Oldest son has just stripped and greased his nasty RST Gamma forks. They keep getting sticky because one of the stanchions has been left full of water before we got them and the chrome has come off and needs regular TLC to keep them working. Good to see him getting involved for once, he must be dead keen for this ride


----------



## Colin B (8 Apr 2014)

Hope you all have a great time I fancy this place myself at some point


----------



## Crackle (8 Apr 2014)

Have a good day. I took our exchange student there a few weeks ago to do the Blue route and as we headed up the climb the rain turned to sleet blasted at us by an icy wind and I thought oh what a great idea of mine to kill the exchange student.

How wrong I was. The first thing he said when we finished, was how he was going to find somewhere to do mtn biking when he got home and how he thought the climb up in the snow was cool. I questioned if he meant cold but no, he meant cool 

They'll have a blast.

PS: The top of the blue is still diverted due to the winter storms, which is a shame as it's the best part but the rest is still good if you go that way.


----------



## Silver Fox (8 Apr 2014)

Have a good day and enjoy your ride. I'm going on Saturday with my two lads and their mates.
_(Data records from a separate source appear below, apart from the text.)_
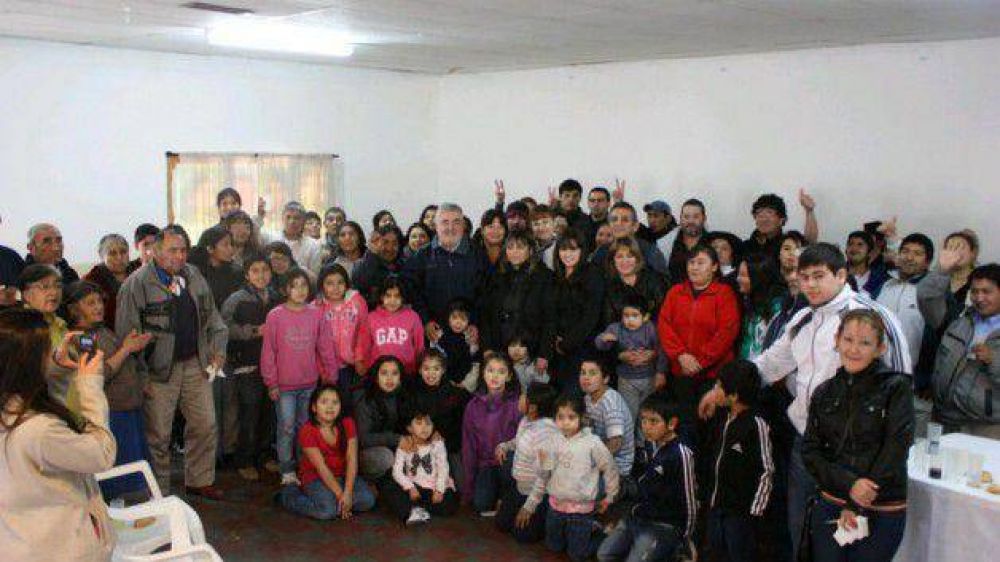 Das Neves mantuvo un encuentro con vecinos de Tecka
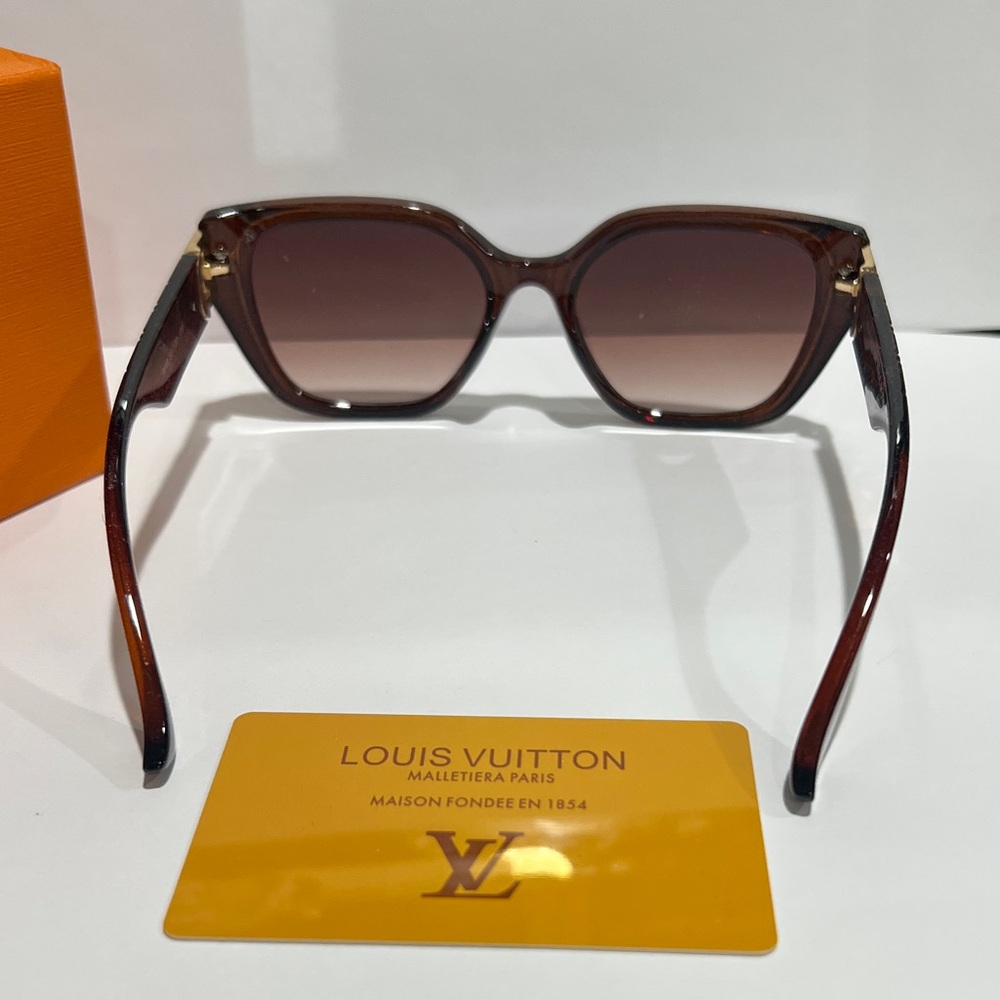 Louis Vuitton Brown Gradient Cat-Eye Sunglasses with Subtle Tortoiseshell - Picture 9 of 9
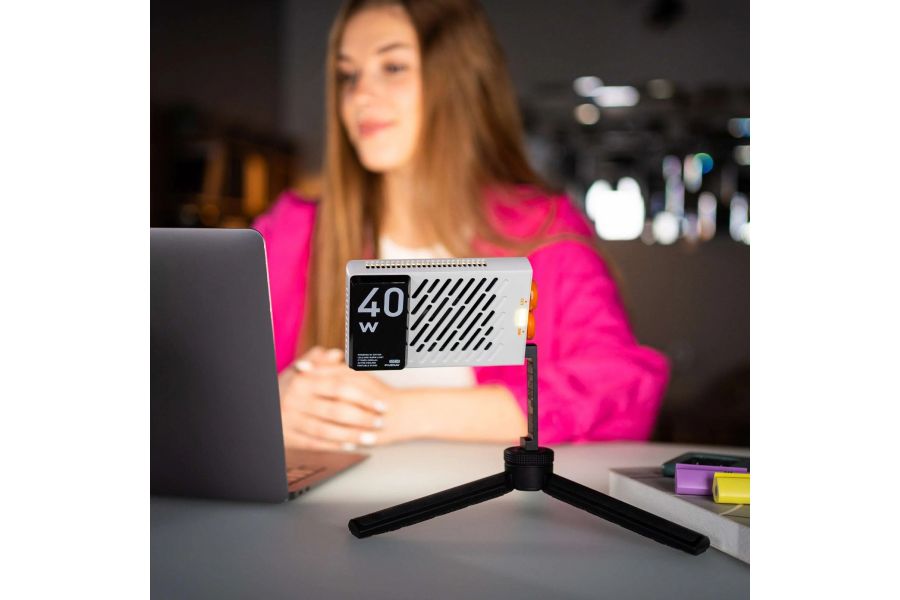 Осветитель Zhiyun Fiveray M40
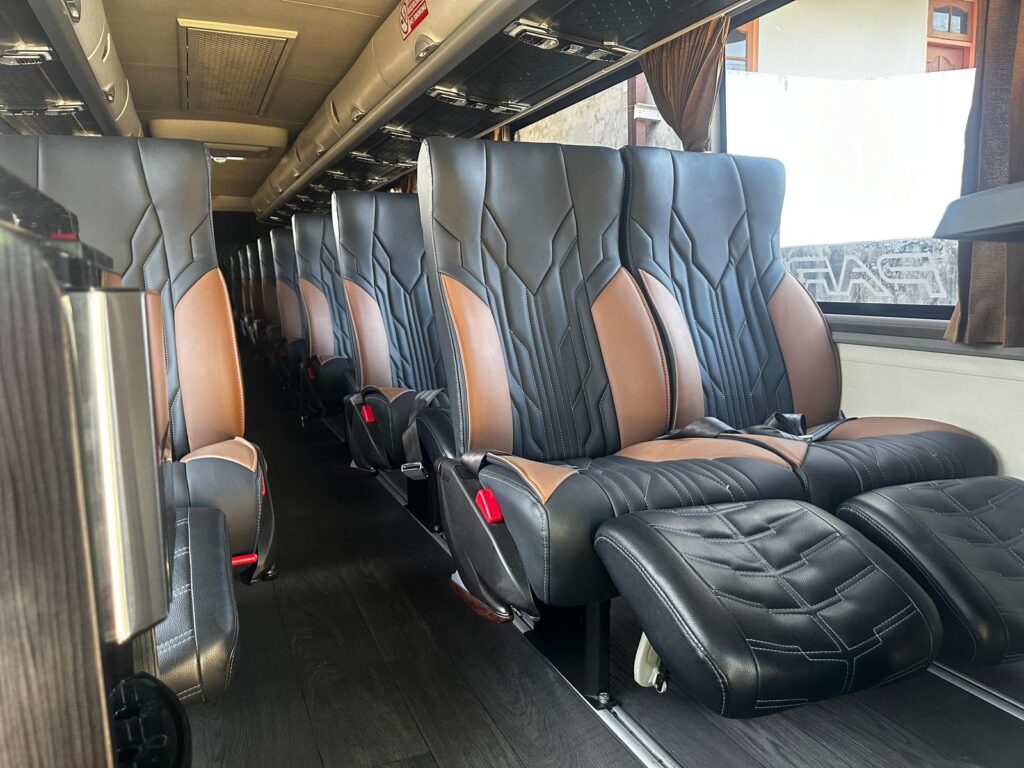 Seat Bus Pariwisata Jogja Acropolis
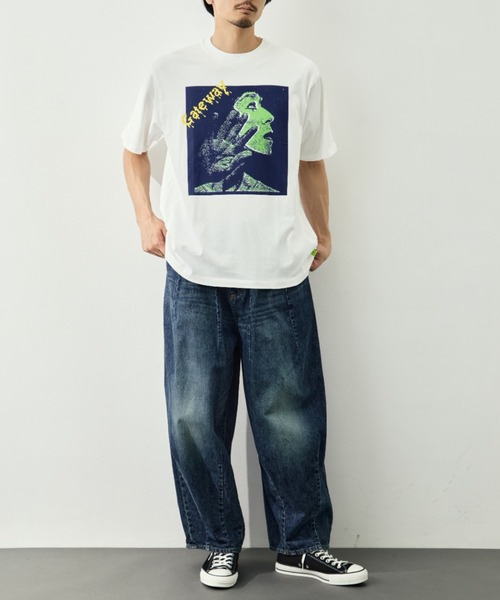 LOOSE JOINTS（ルーズジョインツ）の「【LOOSE JOINTS/ルーズジョインツ】ED DAVIS - GATEWAY S/S TEE（Tシャツ/カットソー・メンズ・ブラック/ホワイト・L/M）」の5枚目の写真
It's great fun this mtb riding isn't it.


----------



## potsy (8 Apr 2014)

I'm sure you'll be fine, the more mature members of the party will look after the over-grown kid


----------



## I like Skol (8 Apr 2014)

If you pulled your finger out and got your MTB sorted you could've joined us. We don't mind waiting at the top of the climbs for the fat slow kid


----------



## fossyant (8 Apr 2014)

Watch out for the big lanky kid ,skolly jnr !!!!


----------



## potsy (8 Apr 2014)

I like Skol said:


> If you pulled your finger out and got your MTB sorted you could've joined us. We don't mind waiting at the top of the climbs for the fat slow kid


----------



## I like Skol (9 Apr 2014)

Ride report time.

We had a great day and the 3 kids (2 of mine + mate) did brilliantly.
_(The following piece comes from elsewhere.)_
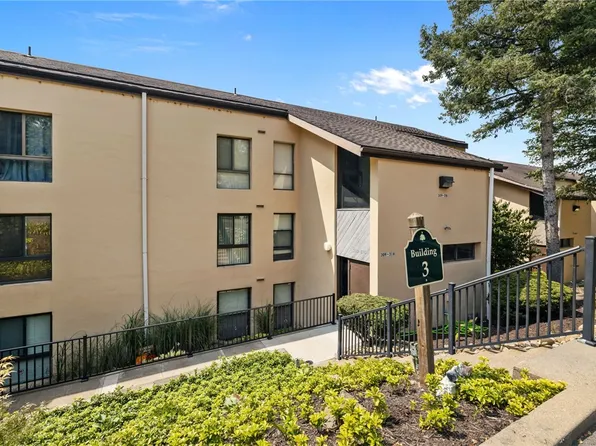 2034 Swallow Hill Rd APT 310, Pittsburgh, PA 15220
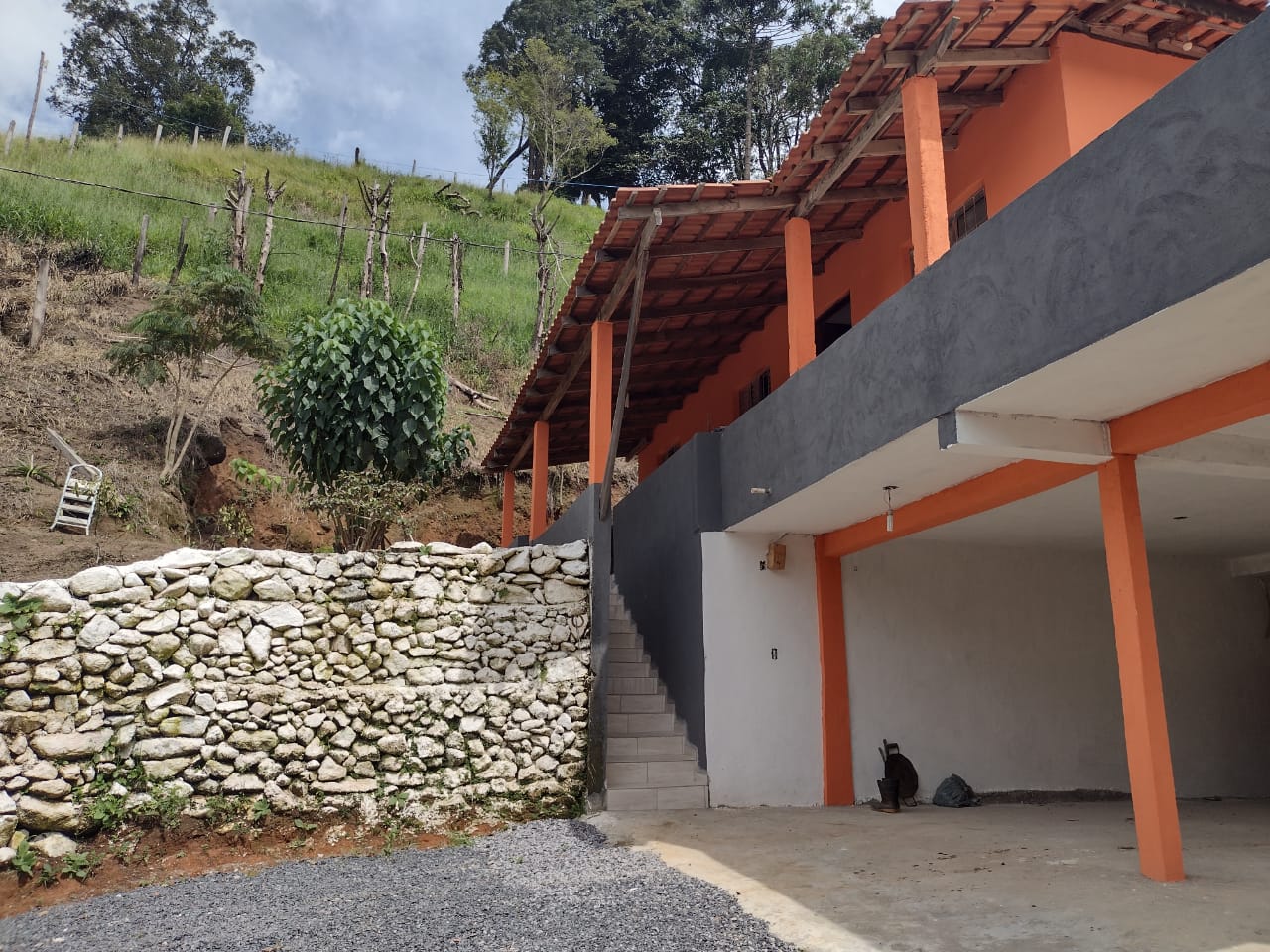 Chácara casa com 3 quartos, apenas 6 km do centro de Camanducaia e 17 km de Monte Verde cod. 1179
There was obviously some moaning on the climbs but nobody gave up or stropped. It was quite amusing when the kids disappeared around a corner at the top of the long first climb and then started shouting "Makka Pakka". This is now to be called Makka Pakka field....
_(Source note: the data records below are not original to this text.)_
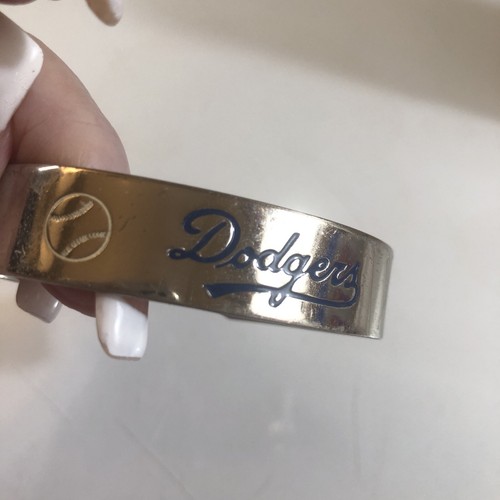Brazalete Brazalete Metal Placa Plata Estadio Béisbol LA DODGERS 1975 RARO De Colección - Imagen 8 de 10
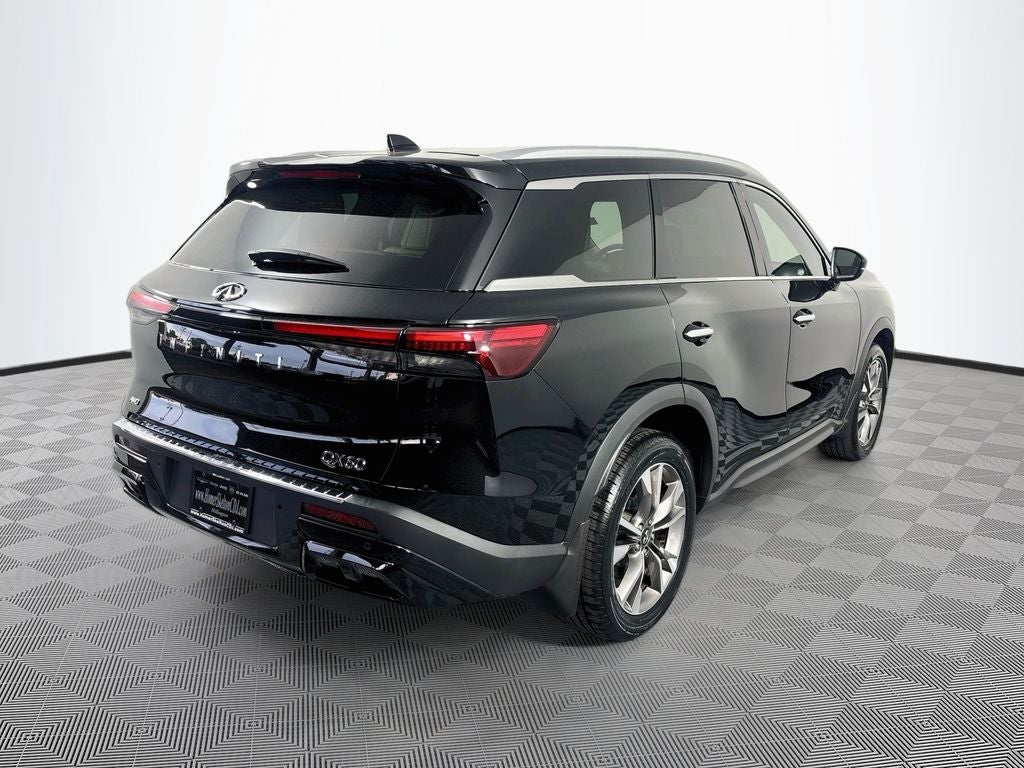 2023 INFINITI QX60 LUXE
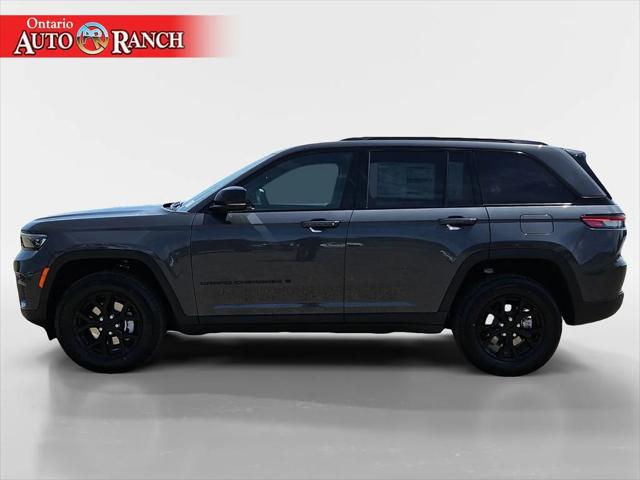 2025 Jeep Grand Cherokee GRAND CHEROKEE ALTITUDE 4X4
Even my 8yr old tackled all the red and black runs that were open, including the yellow/black jump sections. It was funny watching him carefully scrabble over the big rock ledge at the entry to 'Parallel Universe'. It's like an entry test... You have to be this big to go on this ride! He loved it, whoops of joy all the way down and a smile that threatened to split his face in half.
He also rode this drop off without hesitation or checking it out first, just held back while I got the camera ready then nailed it in one go... (clic pic for vid)



Are you listening @dan_bo
We also filmed a couple of clips of some random old guy showing off in the skills park....  (clic pics for vid)


----------



## Cubist (10 Apr 2014)

Riding like a Don! Good lad!


----------



## dan_bo (10 Apr 2014)

I wouldnt mind but i've ridden that wooden section every other time i've been. Don't particularly like wooden sections. 

Lads are coming on well mind Skolly!


----------



## Crackle (10 Apr 2014)

I'm seriously impressed. That random old guy looked a bit loose though


----------



## Cubist (10 Apr 2014)

dan_bo said:


> I wouldnt mind but i've ridden that wooden section every other time i've been. Don't particularly like wooden sections.
> 
> Lads are coming on well mind Skolly!


I hate boardwalk too. That one looks particularly intimidating as you approach it, as the drop appears to be sheer. It's only once you're on the other side that you can see that as long as you scrub off speed it's rollable. 

The one a bit further down with the kicker in the middle is fun too.


----------



## Motozulu (11 Apr 2014)

We were there the day after. Great pics. It's a great trail and the conditions were perfect. You can't beat trail centres midweek - like your own giant private play park.


----------